Il diritto comunitario con la direttiva “Qualifiche” (2011/95/Ce) ha introdotto la figura della “Protezione sussidiaria”, una forma di protezione internazionale a carattere secondario ed integrativo rispetto a quella di asilo politico, che viene riconosciuta al cittadino di un Paese terzo o apolide nei cui confronti sussistono fondati motivi di ritenere che, se ritornasse nel Paese di origine o nel Paese di domicilio se apolide, correrebbe un rischio effettivo di subire un grave danno.

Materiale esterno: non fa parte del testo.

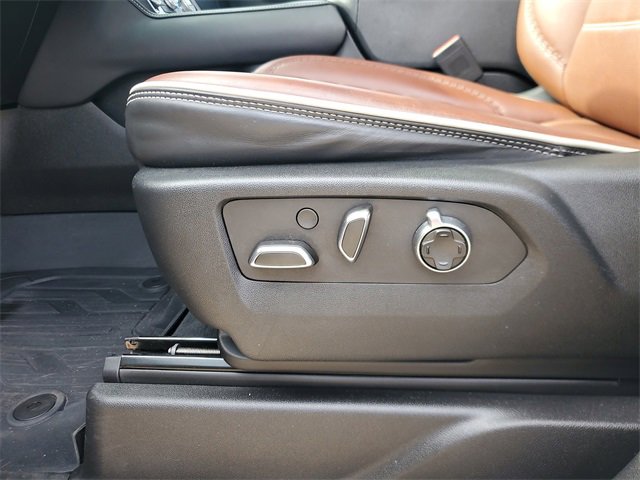 Used 2023 GMC Yukon Denali Ultimate w/ LPO, Floor Liner Package image 18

Con il Decreto Legislativo del 21 febbraio 2014, numero 18, entrato in vigore il 22 marzo 2014, in recepimento della Direttiva, si garantiscono ai titolari di “Protezione sussidiaria” gli stessi diritti dei rifugiati in materia di accesso all’occupazione, all’assistenza, all’istruzione, con il rilascio da parte della Questura del permesso di soggiorno della durata di un anno, eventualmente rinnovabile.

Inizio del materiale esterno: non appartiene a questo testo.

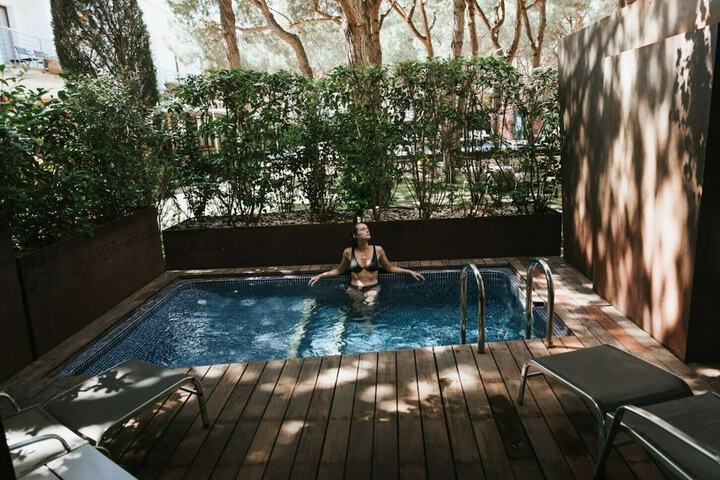Pool Hotel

In attesa della procedura di riconoscimento, i richiedenti protezione internazionale sussidiaria e umanitaria hanno diritto di soggiornare nel territorio italiano e, se privi di mezzi di sostentamento, di essere accolti nei Centri di accoglienza.
In Italia il sistema prevede una prima accoglienza (gli hotspot e Centri di prima accoglienza) e una seconda accoglienza (gli Sprar – Sistemi di protezione per rifugiati e richiedenti asilo, titolari di protezione sussidiaria e umanitaria).
Gli hotspot in Italia sono i Centri di Lampedusa, Pozzallo, Trapani e Taranto. Qui i migranti ricevono le prime cure mediche; i migranti che fanno domanda di asilo vengono trasferiti nei Centri di prima accoglienza e da lì nei Centri di seconda accoglienza (Sprar), istituiti con la Legge 189 del 2002, enti non profit che coinvolgono i Comuni che volontariamente decidono di aderire a tale progetto; gli Sprar prestano anche servizi dedicati ai minori non accompagnati e ai disabili.
In mancanza di Centri di seconda accoglienza, le Prefetture indicono gare di appalto per i Cas (Centri di accoglienza straordinari), enti profit e non profit; come gli Sprar, i Cas sono finanziati dal Fondo nazionale per le politiche e i servizi per l’asilo; la retta giornaliera è di euro 35 a persona.
L’Ue assegna all’Italia un contributo annuo a cui vanno aggiunti i fondi distribuiti dalla Commissione Europea tramite i bandi del Fondo Fami (Fondo asilo, migrazione e integrazione).
Promotrice dello Sprar, insieme al Ministero dell’Interno, è l’Anci, l’Associazione nazionale dei Comuni italiani, con l’obbiettivo di agevolare l’adesione dei Comuni allo Sprar per una accoglienza adeguata e vantaggiosa per tutti sul territorio.
La presenza dei migranti nei Comuni è tuttavia foriera di problemi che non hanno trovato una soluzione legislativa a incominciare dalle difficoltà burocratiche e amministrative che ostacolano l’assunzione al lavoro favorendo le situazioni illegali, il lavoro clandestino, in nero e sottopagato, con gravi conseguenze di scontento sia per gli immigrati che per i residenti.